Do also pop along to Top of the Pops’ Christmas Party.



  1. Glenn A

    October 18, 2009 at 4:43 pm

    The real highlights were Pans Peoples dance routines. Although the most notorious one is them dancing in front of a group of dogs in an interpetration of Gilbert O Sullivan’s Get Down, there is a clip of them on a beach dancing to Sugar Me, where, wait for it, they throw sugar and cakes at each other. Their break up in 1976 was much mourned.

  2. Arthur Nibble

    October 18, 2009 at 11:59 pm

    To quote as best as I can –

    “I fancied one of those dancers. Beautiful Babs….can’t remember her name!”

    (Norman Stanley Fletcher)

  3. Glenn A

    October 25, 2009 at 4:36 pm

    Apparently Fletch was going to take them all to the Italian restaurant. Beautiful Babs is, of course, Babs Lord, Mrs Robert Powell, who did in real life do what Fletch wanted to do but couldn’t and invited them out for a meal.

  4. Adrian

    January 12, 2010 at 4:40 pm

    You forgot the camera having to zoom in ever further to avoid the gurning audience members cluttering up the picture. Anyone remember Mike Read’s sparkly jacket?

  5. Adrian Lane

    July 8, 2011 at 2:39 pm

    growing up in the 80’s I remember instrumental solos on guitar shaped synthesisers that wernt plugged in anyway as they were miming

  6. Joanne Gray

    February 27, 2017 at 1:18 pm

    My father once told me that a band on one edition he watched some time in TOTP’s early days actually fell off the stage they were performing on and their song kept on playing, just to prove that it was all mime but the shows were transmitted live.

  7. Glenn Aylett

    March 21, 2021 at 12:59 pm

    Two eras stand out for me, the early colour years from 1970 to 1975, and the Michael Hurll party years of the early and mid eighties, where the audience were encouraged to enjoy themselves and DJs like Noel Edmonds and John Peel made corny and so bad they were good jokes about the acts. Then you had the glam years, the birth of disco the New Romantic era to make the audience feel happy.

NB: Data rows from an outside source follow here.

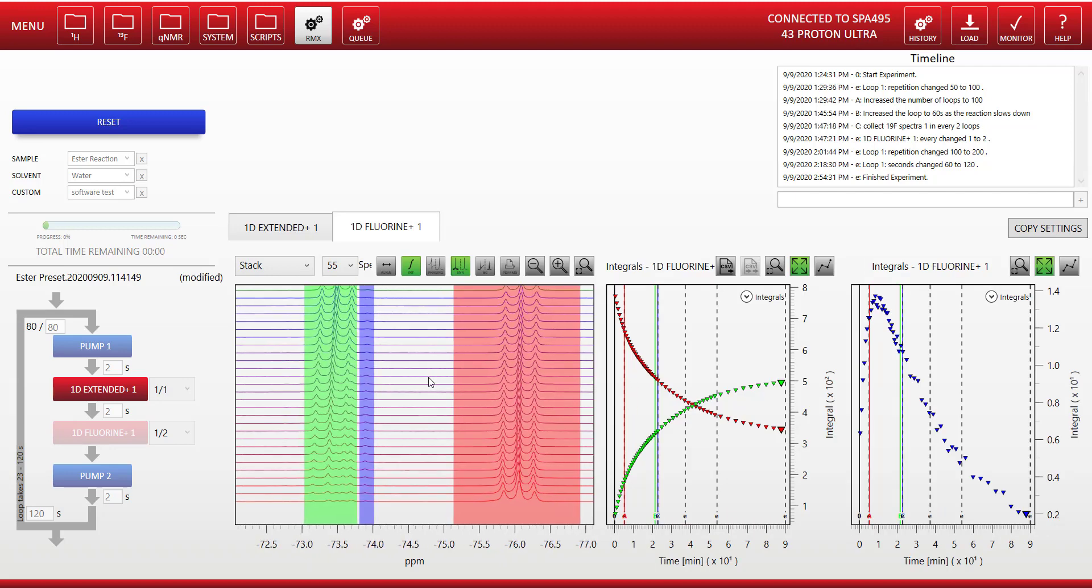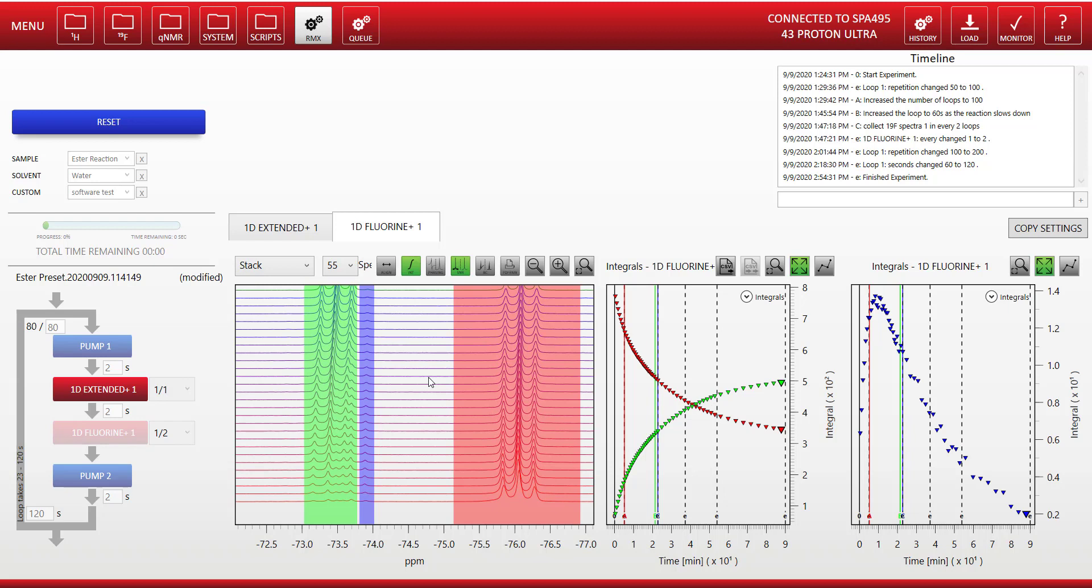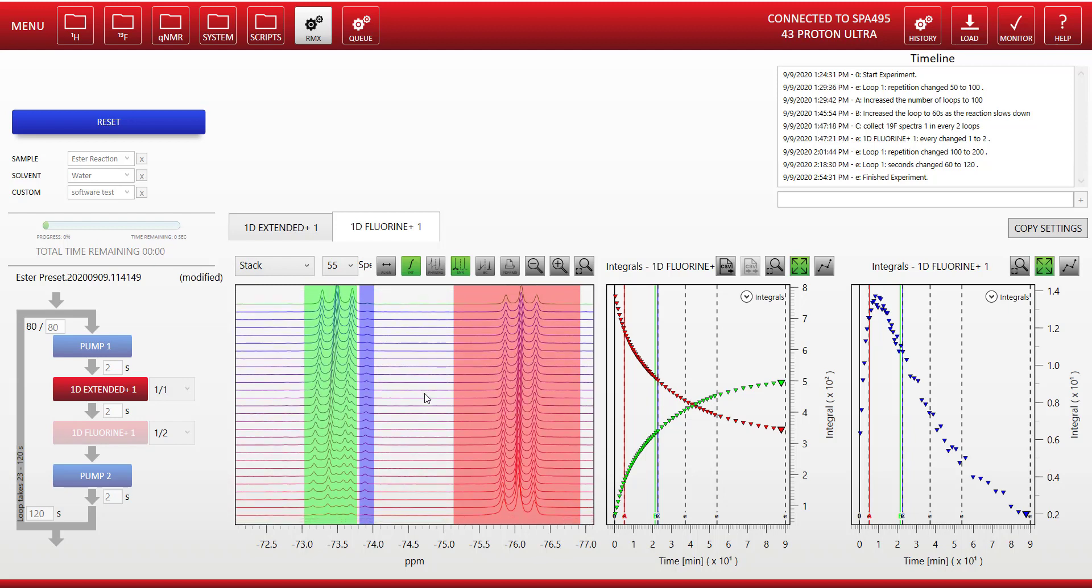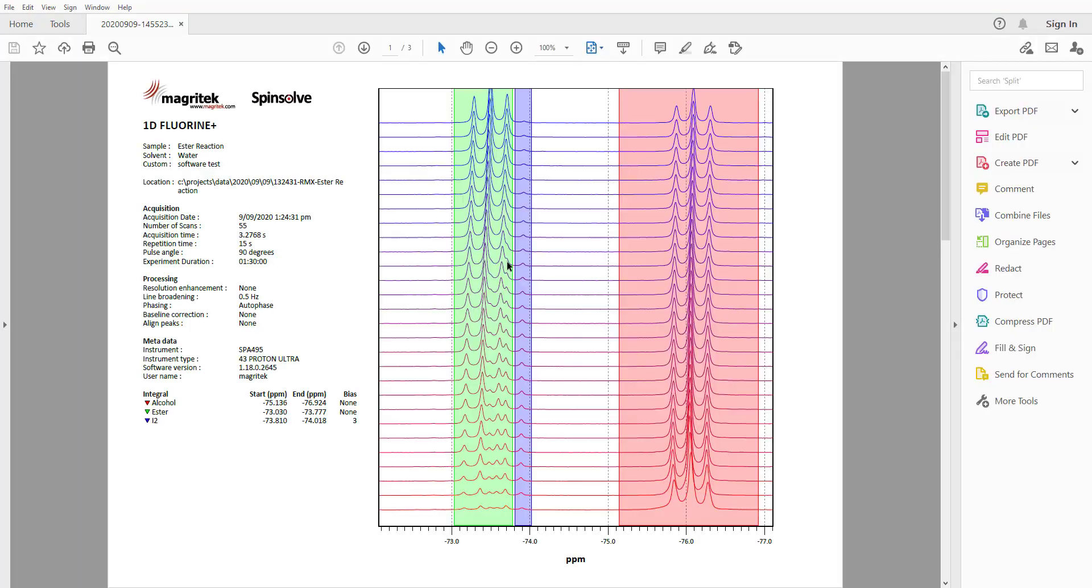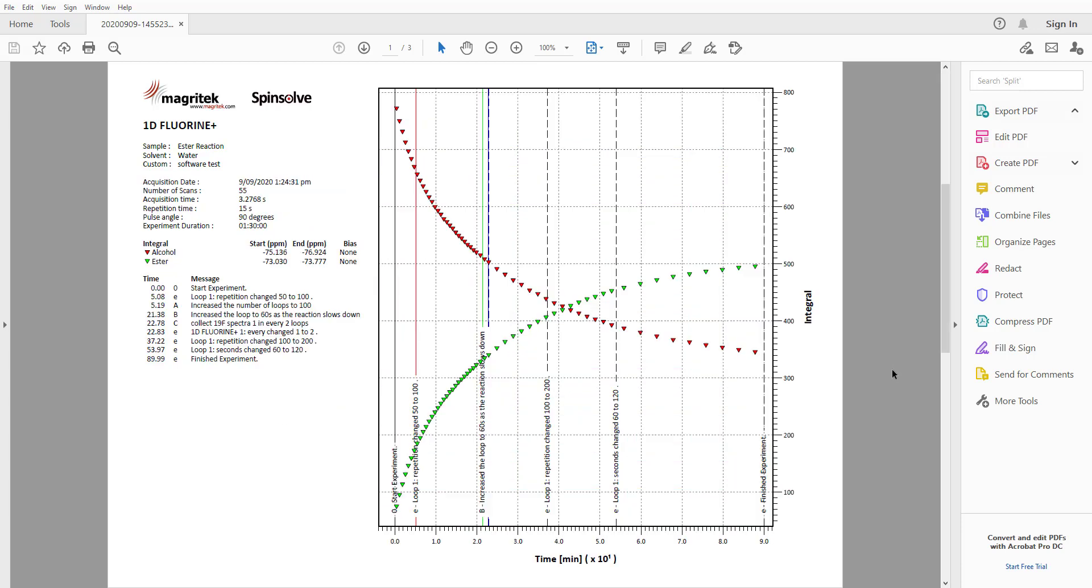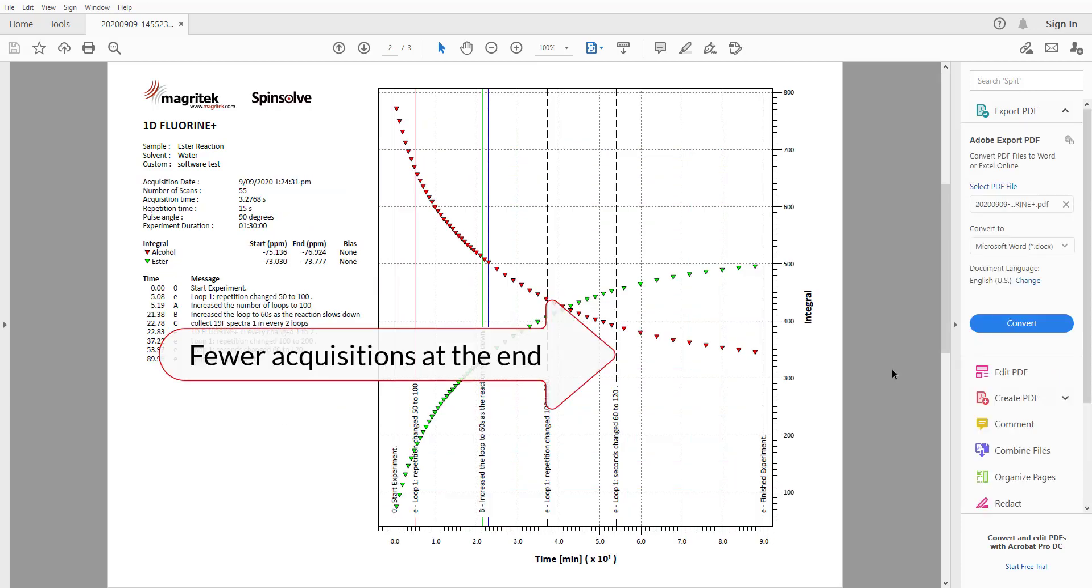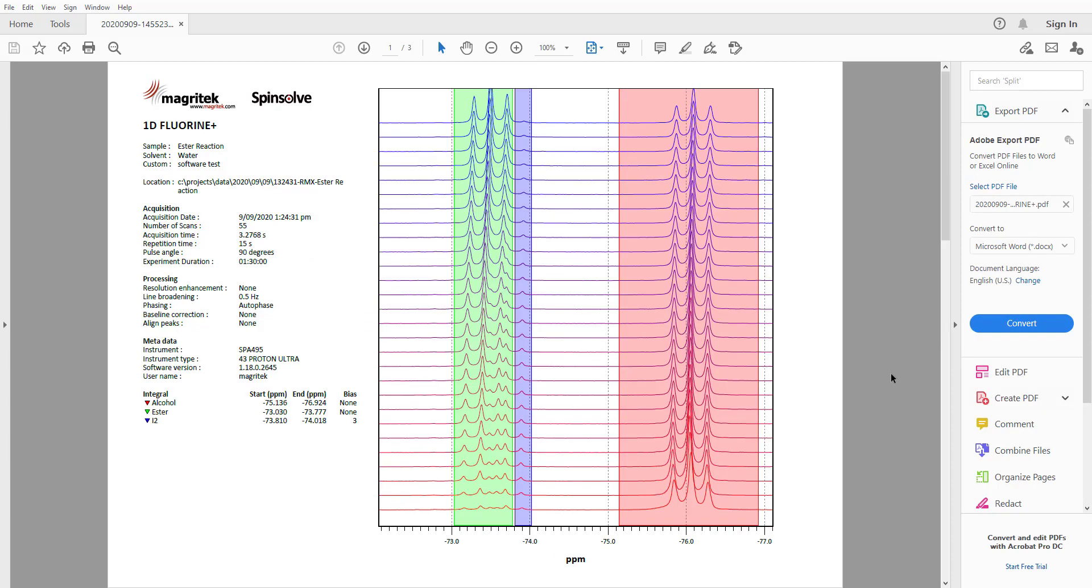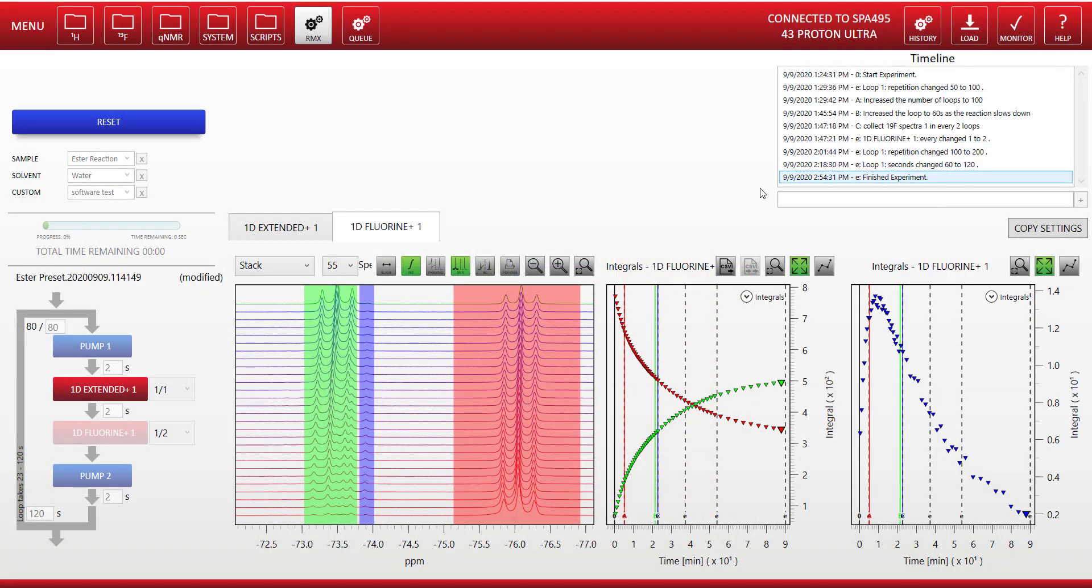Remember, we didn't have quite as many scans of fluorine because we changed how often we wanted to acquire at the end there. And you can see the data at the end on the integral plot is getting more spaced out because we changed how often we're acquiring data.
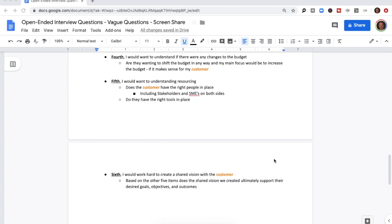In correlation with growth and utilization, I would want to assess risk and understand the overall scope and scale of the customer. Fourth, I would want to understand any changes to the budget — are they wanting to shift the budget, and my main focus would always be to increase the budget, but only if it makes sense given their financial needs. Fifth, I would want to understand resourcing — does the customer have the right people and stakeholders in place, and do both sides have the right tools? Sixth, I would work hard to create a shared vision with the customer that ultimately supports their desired goals, objectives, and outcomes.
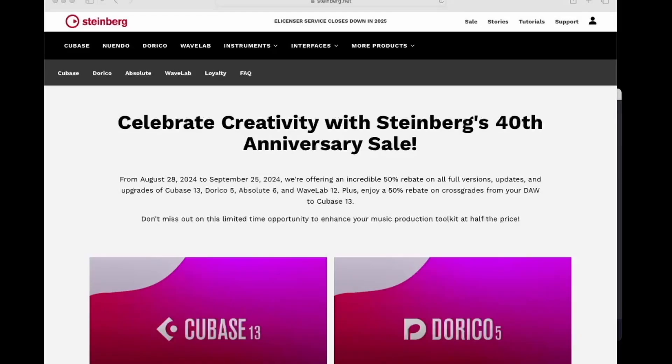In this video, I'm going to walk you through the steps on how to take your eLicenser-based sample-fuel products and transfer them over to the new Steinberg licensing.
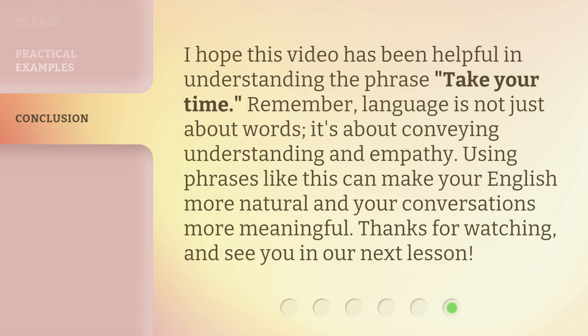I hope this video has been helpful in understanding the phrase "take your time." Remember, language is not just about words — it's about conveying understanding and empathy. Using phrases like this can make your English more natural and your conversations more meaningful. Thanks for watching, and see you in our next lesson. Bye-bye.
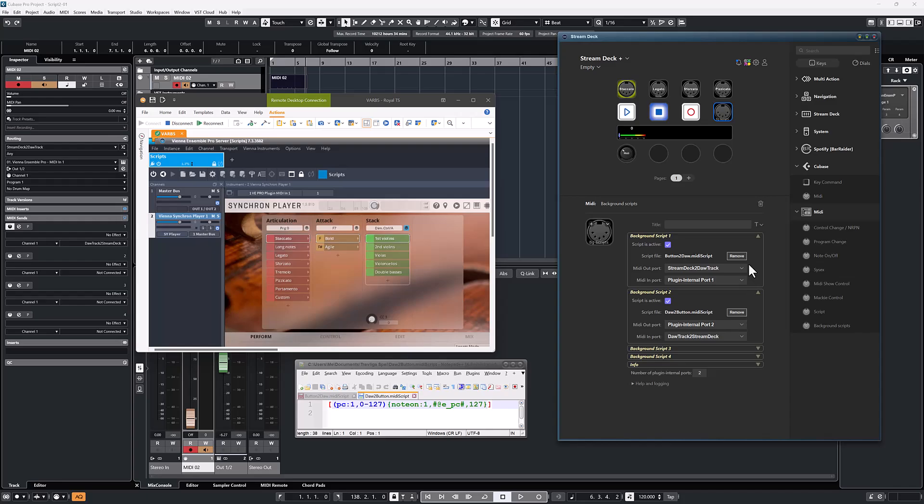When using plugin internal ports, there is no risk that the DAW or anything else in your system will act on the commands because these ports do not exist outside the plugin. So Cubase or anything else will not see these ports and will not act on what you send on those ports. So that's the main reason for the existence of those ports.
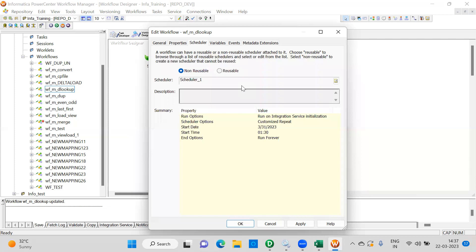In practice, we are not frequently using the Informatica scheduler. We depend on third-party schedulers like Control-M, Autosys, and Tidal, which trigger the Informatica workflows based on project requirements.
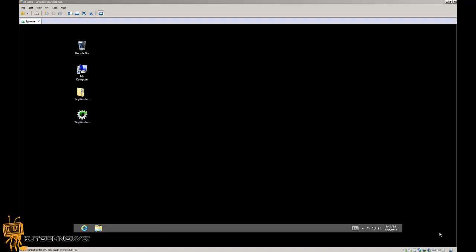So today's episode is about Windows 8 and where is the startup folder. Windows 8, where did you put that startup folder?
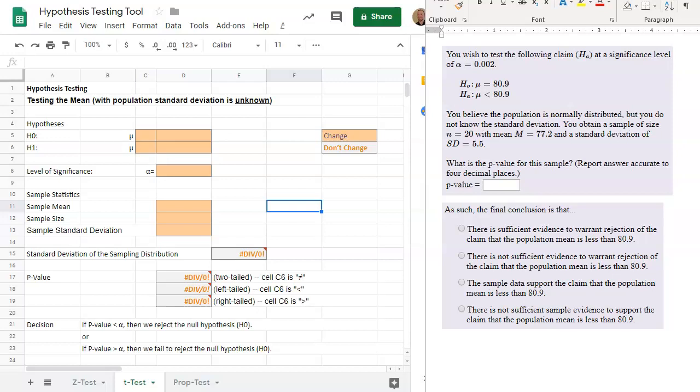In this video, we'll be addressing how and when to use the Z or T test, including how to find the conclusion of a hypothesis test. To determine when to use the Z or T test, we need to know if the population standard deviation is known or unknown.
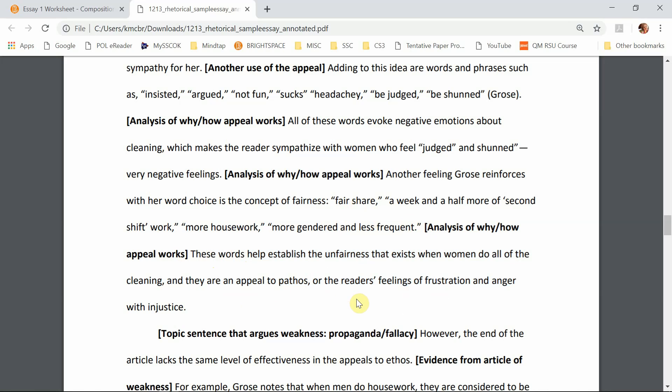So there are our three body paragraphs. Now in organizational scheme two, we're going to have one to two paragraphs that talk about any problems with her rhetoric.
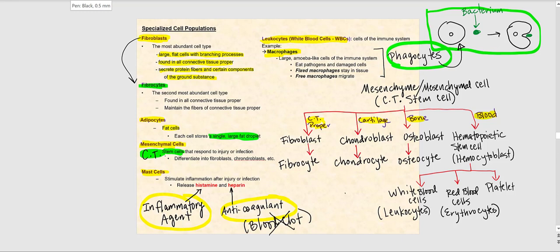Macrophages can be either fixed or free. Fixed macrophages stay in the tissue — they don't wander around. Free macrophages freely migrate throughout different tissues. The terms fixed versus free simply refer to whether the macrophage moves from tissue to tissue or stays put.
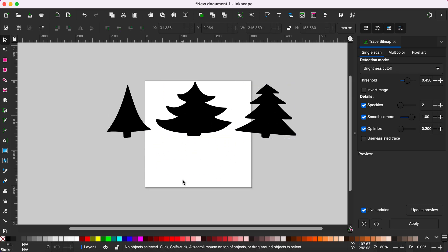And that is how simple it is to trace black and white images using Inkscape.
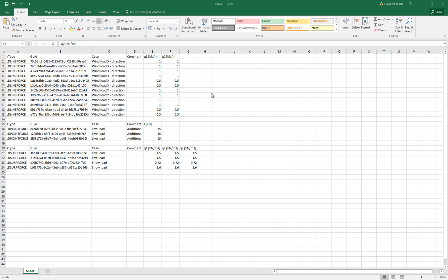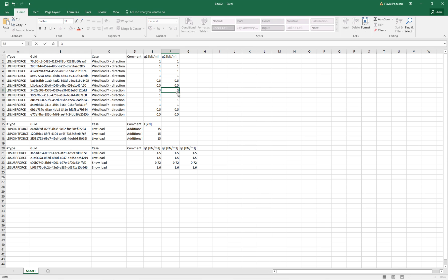You can now edit and update your loads. The fields that you can update through clipboard are the comment and the load values. So let's say I'm going to change the wind load Y direction to 3.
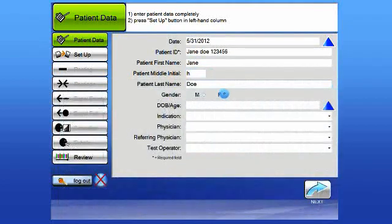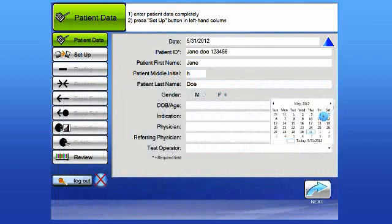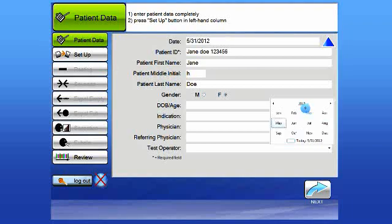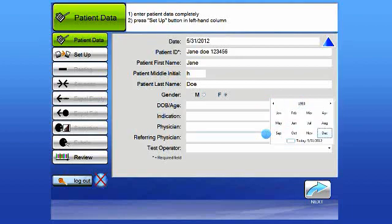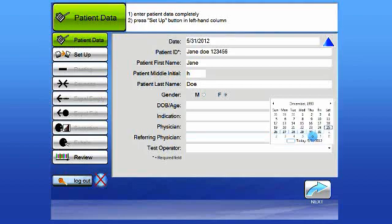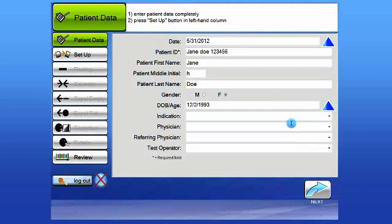Enter the sex of the patient. And now enter the patient's date of birth. The date of birth can be done by a pull-down menu. By selecting the pull-down menu and tapping twice on the year, you can navigate to the proper year. Make the choices for both the month and then the day, and the date of birth will be entered in that field.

    Lowpoint was probably the end of the seventies for TOTP, as the whole show looked dated, the audience stood around like statues and Jimmy Savile’s stints were excruciating( remember the Cousin Percy routine). Even without the revelations after he died, Savile should have been pensioned off in the early seventies as he was an embarassment by 1979.

  8. Richardpd

    November 6, 2022 at 11:06 am

    From the current repeats the early 1990s were another low point, with faceless presenters, awkward in studio performances & exclusives by established acts inevitably flopping in the charts. Luckily things perked up in the second half of the decade, with Radio 1 DJs reinstated as hosts & other improvements helped, though the “no videos expect at Number 1” rule was unfortunate.

  9. Glenn Aylett

    November 6, 2022 at 2:40 pm

    @ Richardpd, go back 30 years and rave acts were made to sing live, which was embarassing as they didn’t have a clue and already dreadful songs were made to sound worse. it was a low point in TOTP’s history as the music of the time was poor and the presenters were clueless. Thank goodness for Britpop and a big improvement in music after 1993.